2. The AGW hypothesis has failed in its many predictions. A hypothesis that fails in its predictions needs to be rejected / revised.
The predictions it failed in include: the warming from increased carbon dioxide emissions has been greatly overestimated, the current global cooling trend, despite rising CO2 levels, the absence of a tropical hot spot in the troposphere, which was supposed to be a signature of AGW, Antarctic cooling, ocean cooling and unchanged rates of sea level rise.
3. Even the IPCC does not predict a Permian-Triassic extinction, as you seem to think might happen by the mere economic progress of humans.
I suggest therefore that you desist from repeating these absurd claims, which due to their sheer repetition is very annoying, and get some counseling for your paranoia.

Gary Pearse
August 22, 2009 5:33 am

Leland Palmer (00:41:56) :
“Hi Smokey and all-
Well, the Permian-Triassic mass extinction was no fantasy”
The fantasy seems to have been saved up for the present era. Cherry-picking methane hydrate from other possible causes is a familiar scientific approach these days.

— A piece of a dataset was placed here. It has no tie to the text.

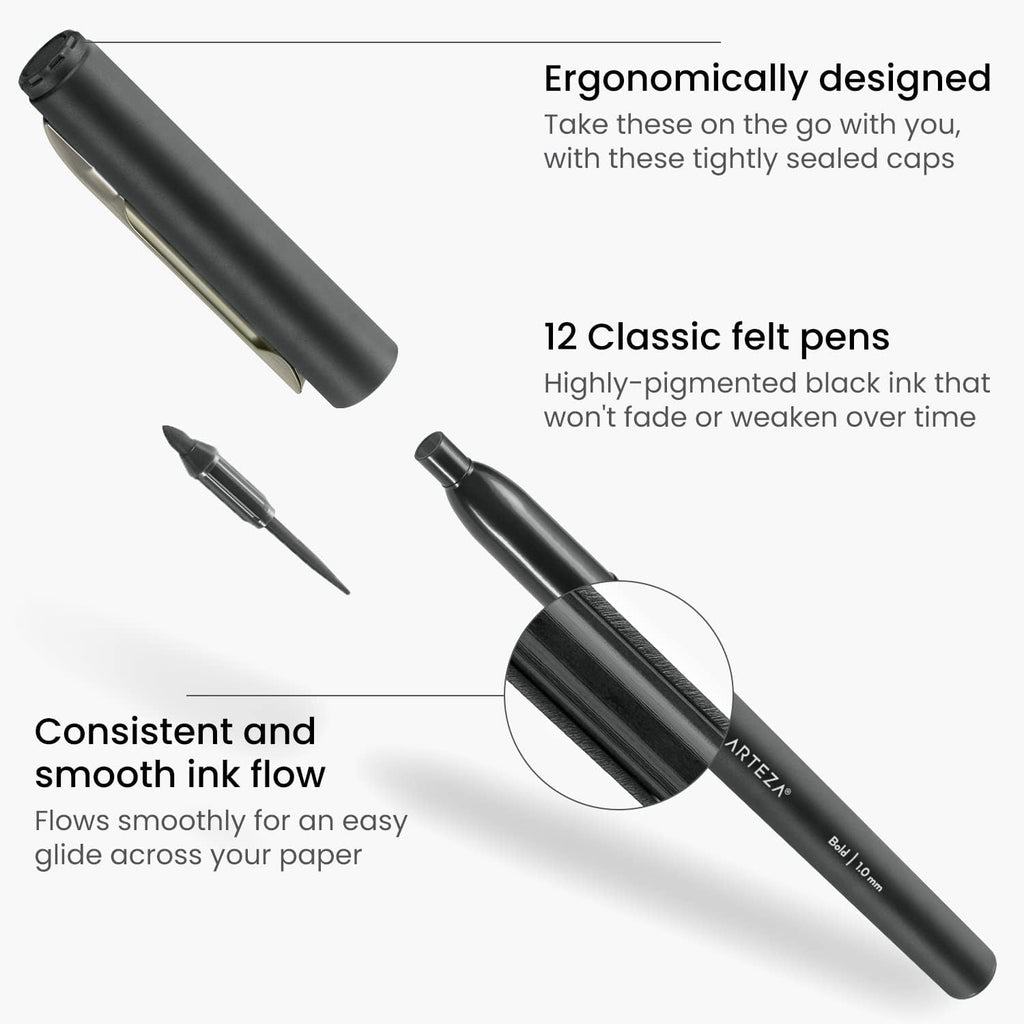 ARTEZA Black Felt Tip Pens, Set of 12, 1.0–1.5 mm Fiber Tip, Quick-Drying Water-Based Ink, Ideal for Art, School, Office, and Home Use - thewrightstore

Wik:
http://en.wikipedia.org/wiki/Permian%E2%80%93Triassic_extinction_event
“There are several proposed mechanisms for the extinctions; the earlier peak was likely due to gradualistic environmental change, while the latter was probably due to a catastrophic event. Possible mechanisms for the latter include large or multiple bolide impact events, increased volcanism, or sudden release of methane hydrates from the sea floor”
I was taught the middle one- asteroid impact. I think an asteroid impact would shake the methane hydrate loose too, wouldn’t you, and I suspect the creatures were pretty near all dead with the primary cause. These are the kind of catastrophes we should give some thought to instead of the AGW fantasies.

Gary Pearse
August 22, 2009 5:39 am

Oh and Leland, an asteroid impact would also likely increase volcanic activity so all three can be tied together.

August 22, 2009 7:36 am

Leland Palmer:
“Concerning politics, well, there’s nothing patriotic about allowing the destabilization of the climate leading to a mass extinction. What’s patriotic about that?”
The fact that you give China, Russia, the UN/IPCC, and everyone else a free pass, while blaming us for your perceived problems is unpatriotic.
Since Kyoto was signed by just about every country except the U.S. and Australia:
Emissions worldwide have increased 18.0%
Emissions from countries that signed the treaty increased 21.1%
Emissions from non-signers increased 10.0%
Emissions from the U.S. increased only 6.6%
There is a reason you always attack the cleanest country on the planet, while giving a free pass to the worst polluters. And it isn’t because you’re patriotic.

Leland Palmer
August 22, 2009 8:20 am

Hi Gary Pearse-

Well, the Permian-Triassic mass extinction was no fantasy”
The fantasy seems to have been saved up for the present era. Cherry-picking methane hydrate from other possible causes is a familiar scientific approach these days. Wik:
http://en.wikipedia.org/wiki/Permian%E2%80%93Triassic_extinction_event
“There are several proposed mechanisms for the extinctions; the earlier peak was likely due to gradualistic environmental change, while the latter was probably due to a catastrophic event. Possible mechanisms for the latter include large or multiple bolide impact events, increased volcanism, or sudden release of methane hydrates from the sea floor”
I was taught the middle one- asteroid impact. I think an asteroid impact would shake the methane hydrate loose too, wouldn’t you, and I suspect the creatures were pretty near all dead with the primary cause. These are the kind of catastrophes we should give some thought to instead of the AGW fantasies.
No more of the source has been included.